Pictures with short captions
>>

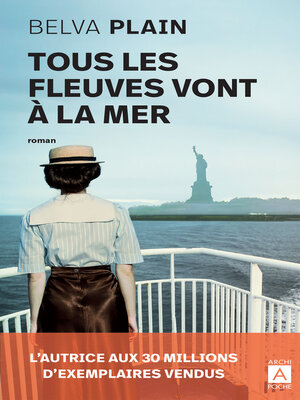 cover image of Tous les fleuves vont à la mer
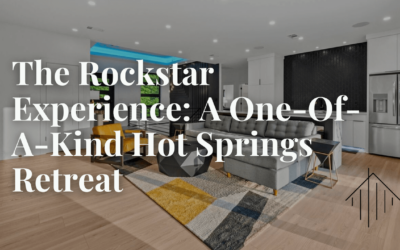The Rockstar Experience: A One-Of-A-Kind Hot Springs Retreat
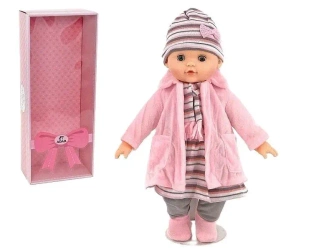 Lalka bobas 40cm - ADAR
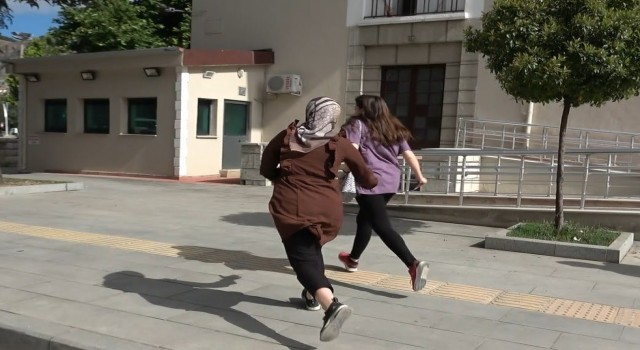 Kimliklerini kaybeden adayların YKS maratonu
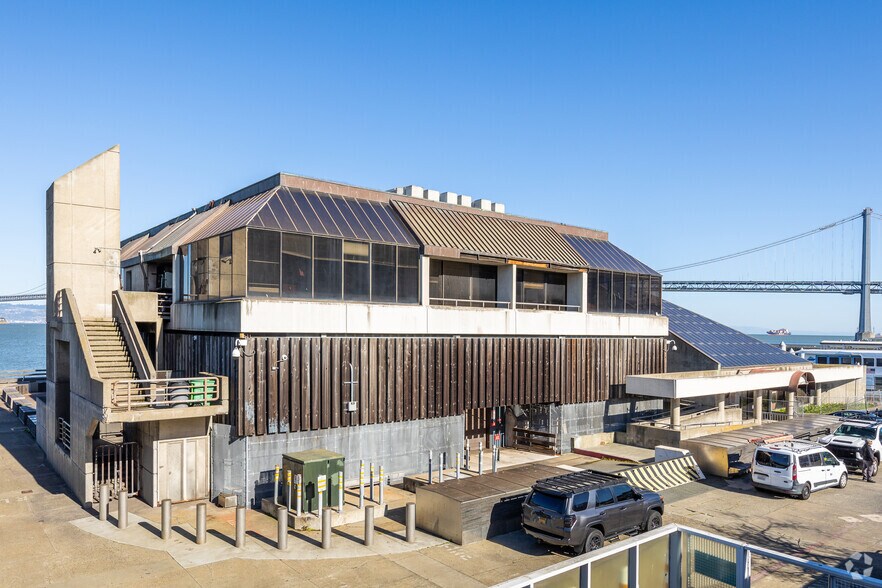 More Photos Of 1 Ferry Building, San Francisco Office For Lease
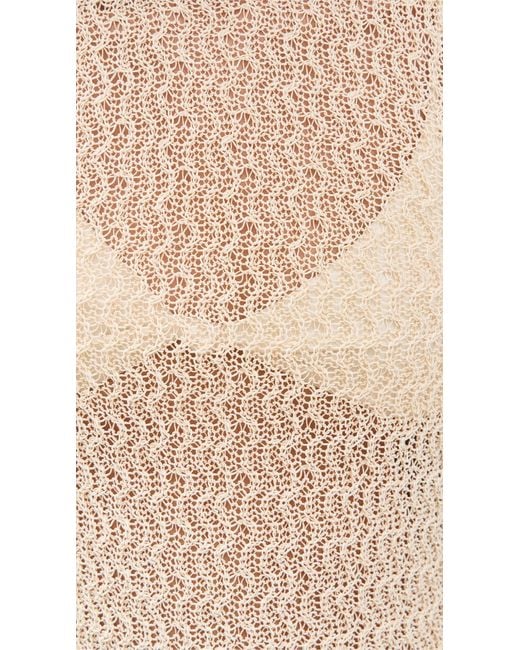 Ba&sh Multicolor Pira Top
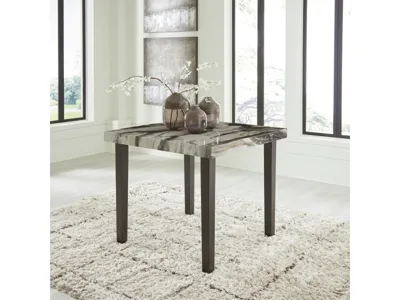 Signature Design by Ashley Jeshina Counter Height Dining Table and 4 Barstools - PCD581D3
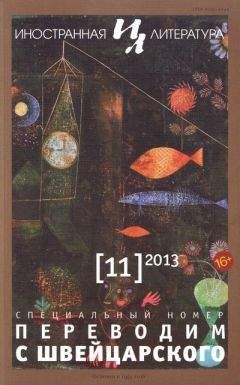 Анн-Лу Стайнингер - С трех языков. Антология малой прозы Швейцарии - Читать онлайн Читаемые книги бесплатно booksread-online.com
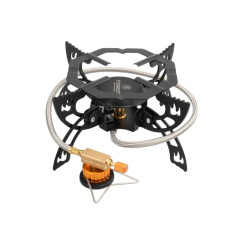 Газовий пальник виносний Forrest Optima Camping Stove II With Hose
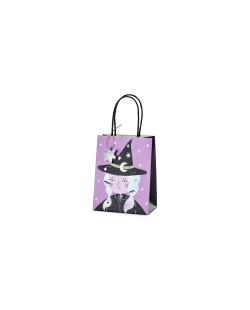 Bolsa Regalo Bruja 8X14X18cm ***OFERTA DTO NO ACUMULABLE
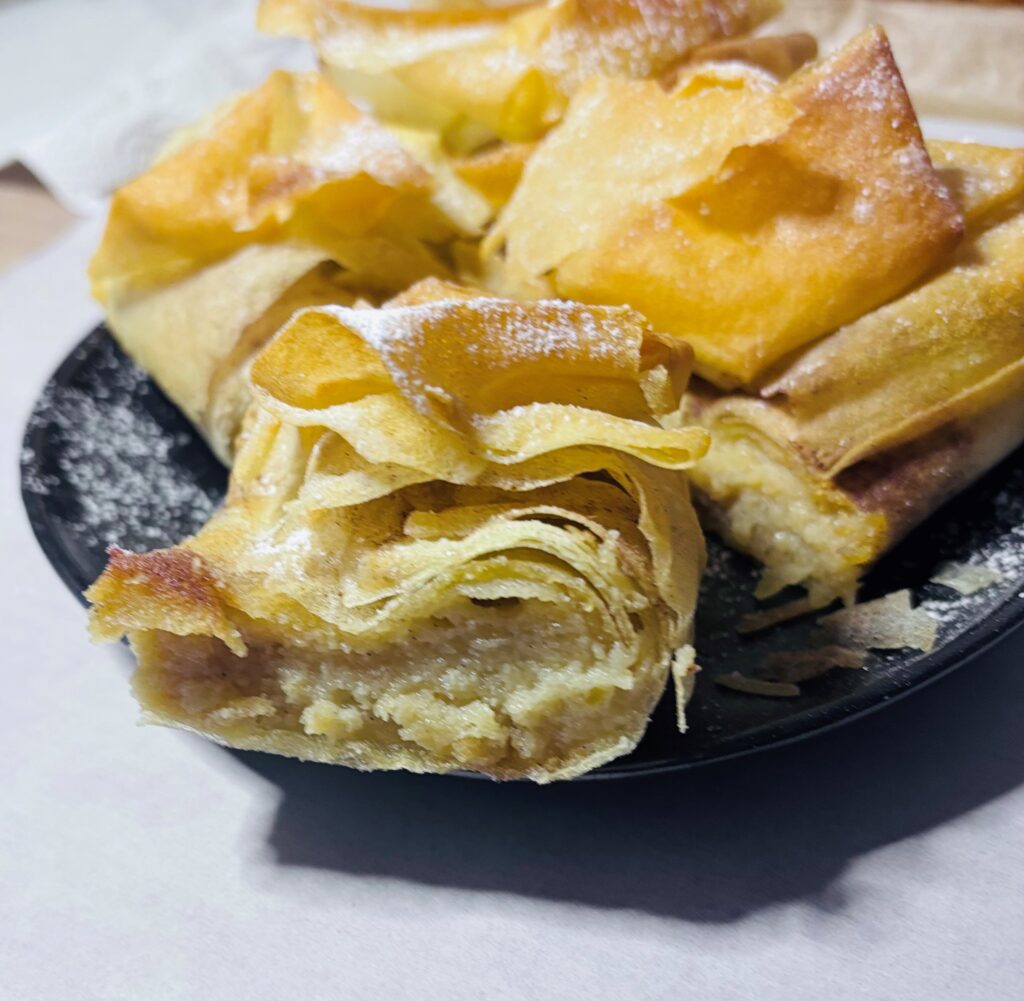 Bougatsa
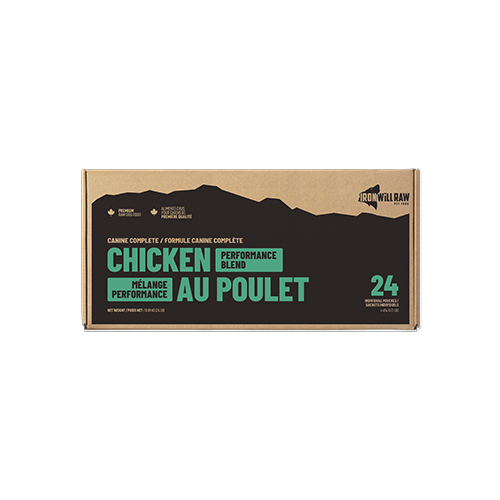 Canine Complete - Chicken Performance Blend (Previously Chicken and Beef Dinner)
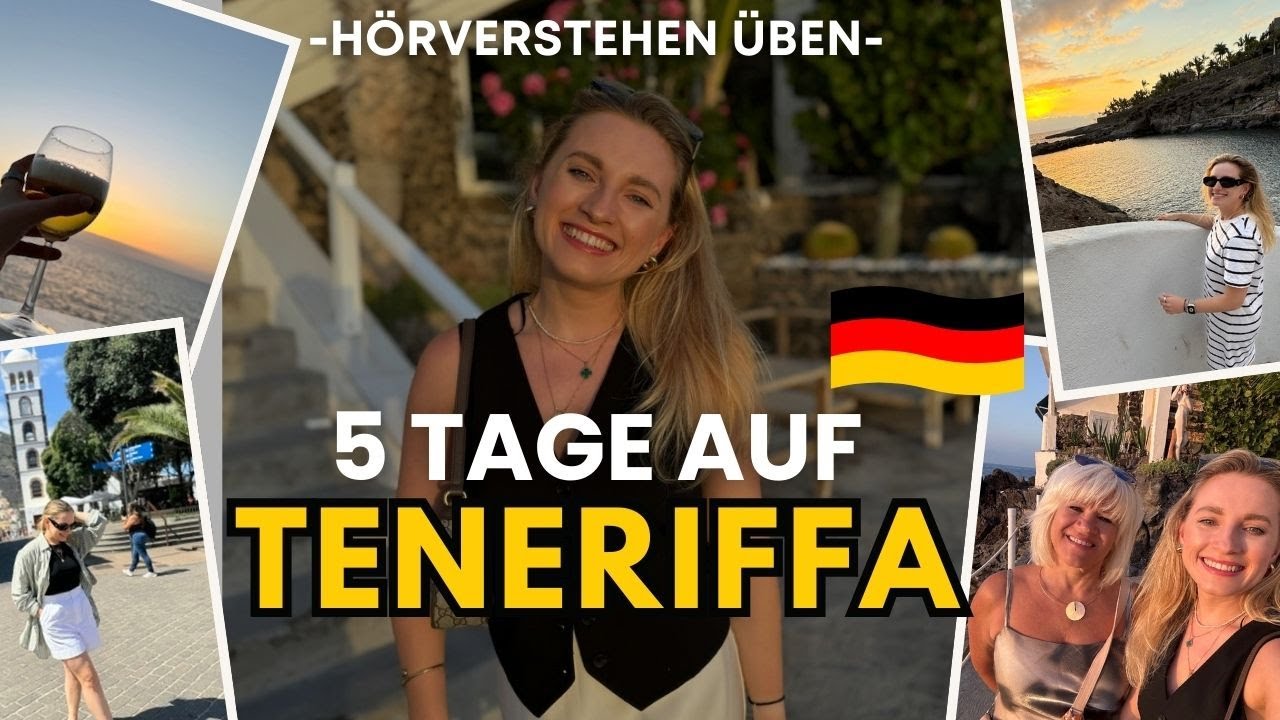 Alltagsdeutsch 🇩🇪 10 Redewendungen (Hörverstehen üben) - Learn German Fast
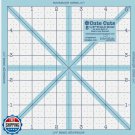 Lori Holt 8 ½" x 8 ½" Cute Cuts Trim-It Ruler by Riley Blake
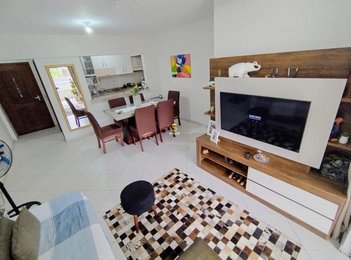 apartment em Rua Álvaro Catão, Centro - Imbituba - SC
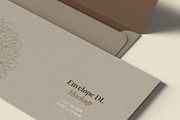 Envelope DL Mockup - 12 Views, an Advertising Mockup by Illusiongraphic (Thumbnail 25 of 27)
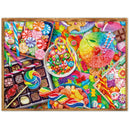 5D DIY Square Full Drill Diamond Painting Cross Stitch Craft (Biscuits03)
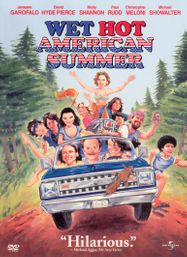 Wet Hot American Summer [2001] (DVD)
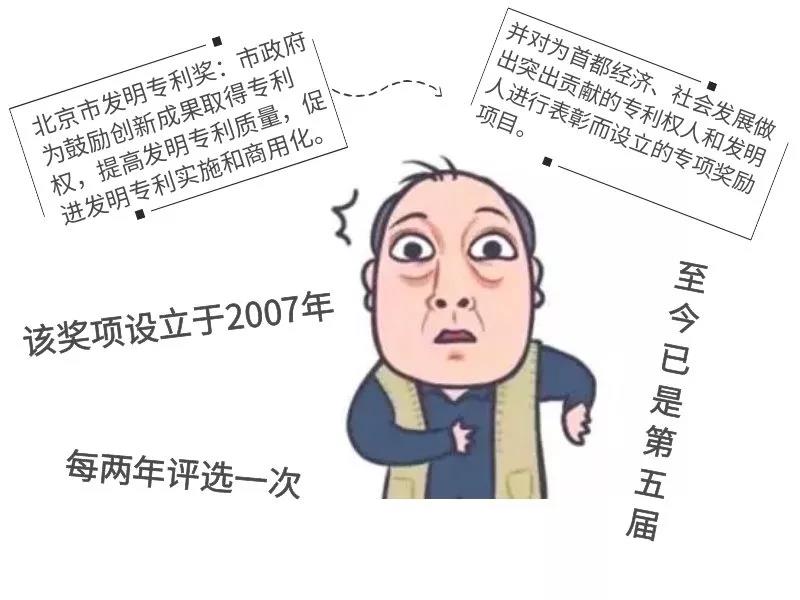 北京市發(fā)明專利獎(jiǎng)"都挺好"！蘇大強(qiáng)帶你聽故事，聊專利。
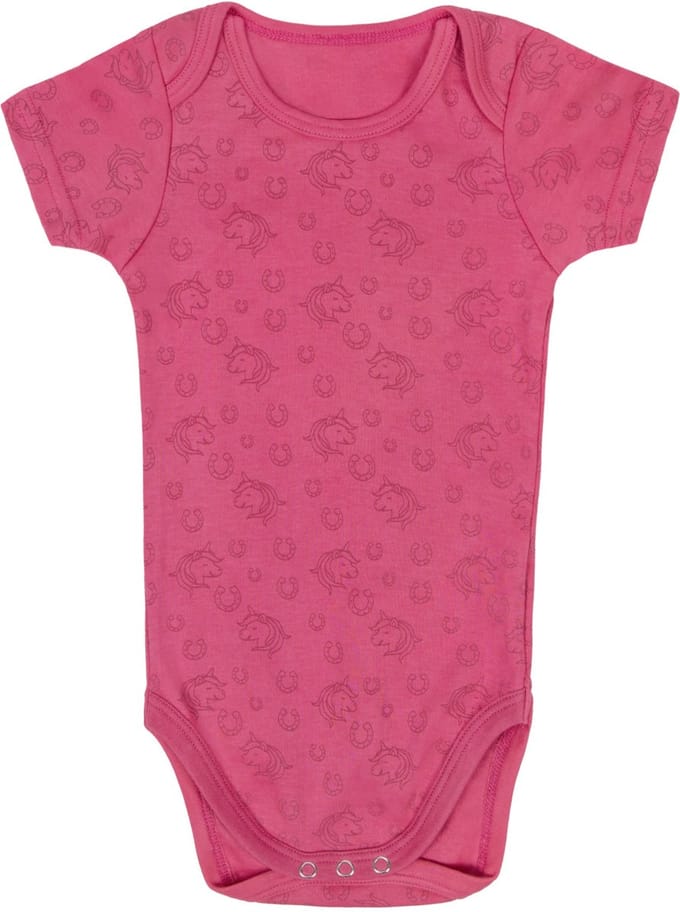 QHP - Romper Jaily - Roze - maat 56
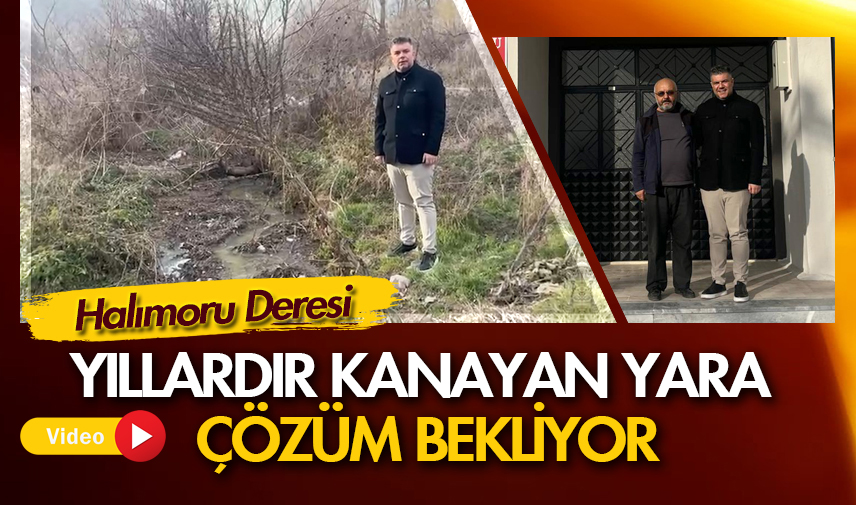 Yıllardır kanayan yara çözüm bekliyor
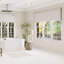 Habanera Decor 11-7/8 In. X 35-1/2 In. Ceramic Wall Tile-574077820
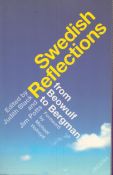 Swedish Reflections from Beowulf to Bergman edited by Judith Black and Jim Potts, 2003 softback.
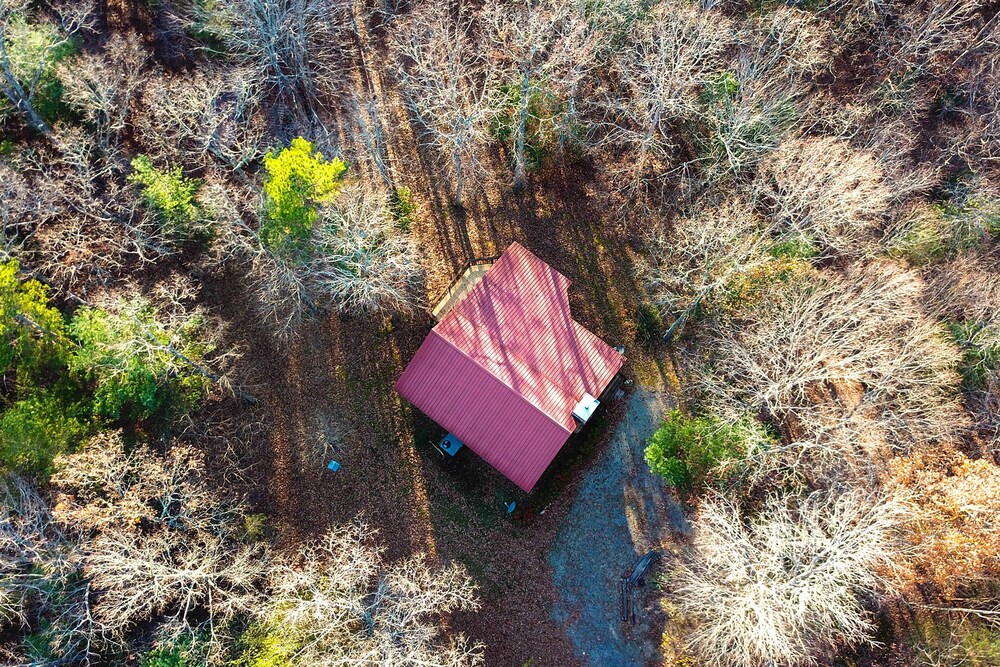 Cozy Tellico Plains Getaway w/ Deck, Fire Pit view 5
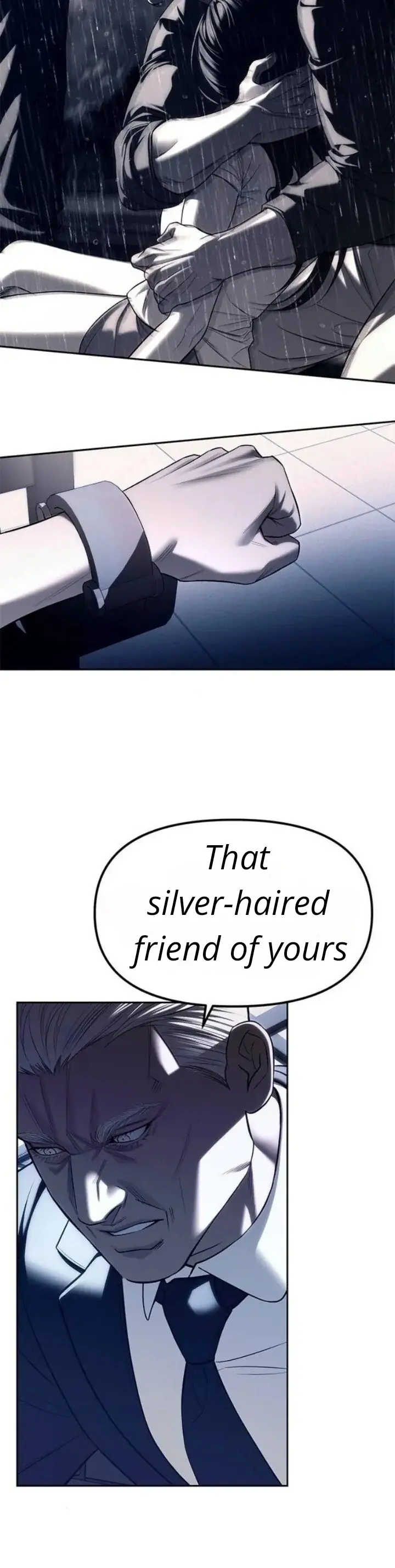 Undercover at Chaebol High Chapter 75 Page 28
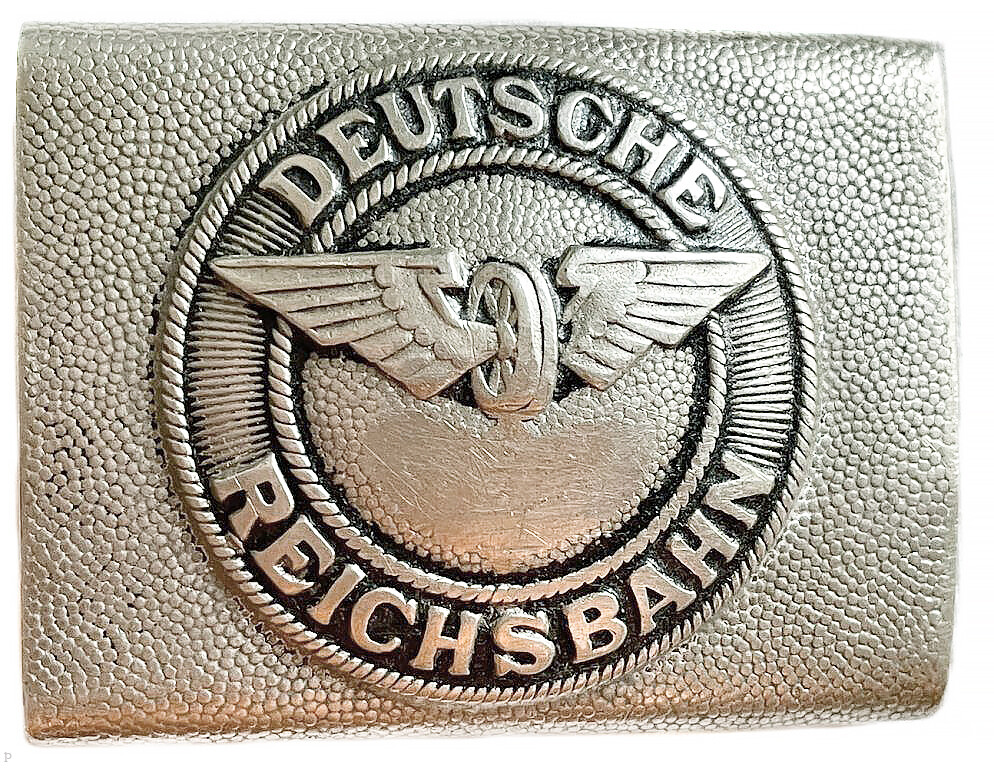 Belt buckle “Deutsche Reichsbahn”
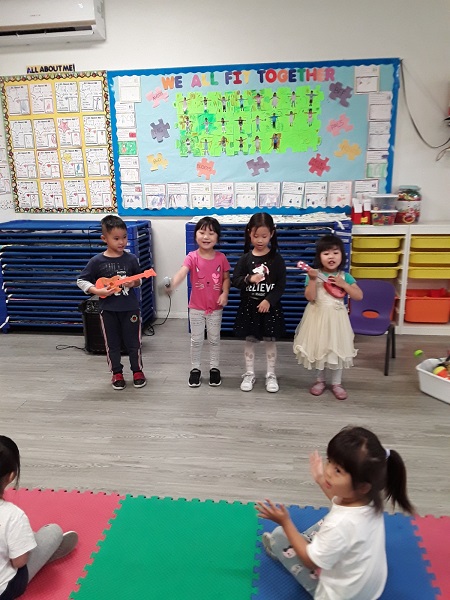 護愛基督教幼兒學校 图片 3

<<

What needs to be done: Please transcribe every entry exactly as written, leaving the pictures out.

Response below:
 cover image of Tous les fleuves vont à la mer
The Rockstar Experience: A One-Of-A-Kind Hot Springs Retreat
 Lalka bobas 40cm - ADAR
 Kimliklerini kaybeden adayların YKS maratonu
 More Photos Of 1 Ferry Building, San Francisco Office For Lease
 Ba&sh Multicolor Pira Top
 Signature Design by Ashley Jeshina Counter Height Dining Table and 4 Barstools - PCD581D3
 Анн-Лу Стайнингер - С трех языков. Антология малой прозы Швейцарии - Читать онлайн Читаемые книги бесплатно booksread-online.com
 Газовий пальник виносний Forrest Optima Camping Stove II With Hose
 Bolsa Regalo Bruja 8X14X18cm ***OFERTA DTO NO ACUMULABLE
 Bougatsa
 Canine Complete - Chicken Performance Blend (Previously Chicken and Beef Dinner)
 Alltagsdeutsch 🇩🇪 10 Redewendungen (Hörverstehen üben) - Learn German Fast
 Lori Holt 8 ½" x 8 ½" Cute Cuts Trim-It Ruler by Riley Blake
 apartment em Rua Álvaro Catão, Centro - Imbituba - SC
 Envelope DL Mockup - 12 Views, an Advertising Mockup by Illusiongraphic (Thumbnail 25 of 27)
 5D DIY Square Full Drill Diamond Painting Cross Stitch Craft (Biscuits03)
 Wet Hot American Summer [2001] (DVD)
 北京市發(fā)明專利獎(jiǎng)"都挺好"！蘇大強(qiáng)帶你聽故事，聊專利。
 QHP - Romper Jaily - Roze - maat 56
 Yıllardır kanayan yara çözüm bekliyor
 Habanera Decor 11-7/8 In. X 35-1/2 In. Ceramic Wall Tile-574077820
 Swedish Reflections from Beowulf to Bergman edited by Judith Black and Jim Potts, 2003 softback.
 Cozy Tellico Plains Getaway w/ Deck, Fire Pit view 5
 Undercover at Chaebol High Chapter 75 Page 28
 Belt buckle “Deutsche Reichsbahn”
 護愛基督教幼兒學校 图片 3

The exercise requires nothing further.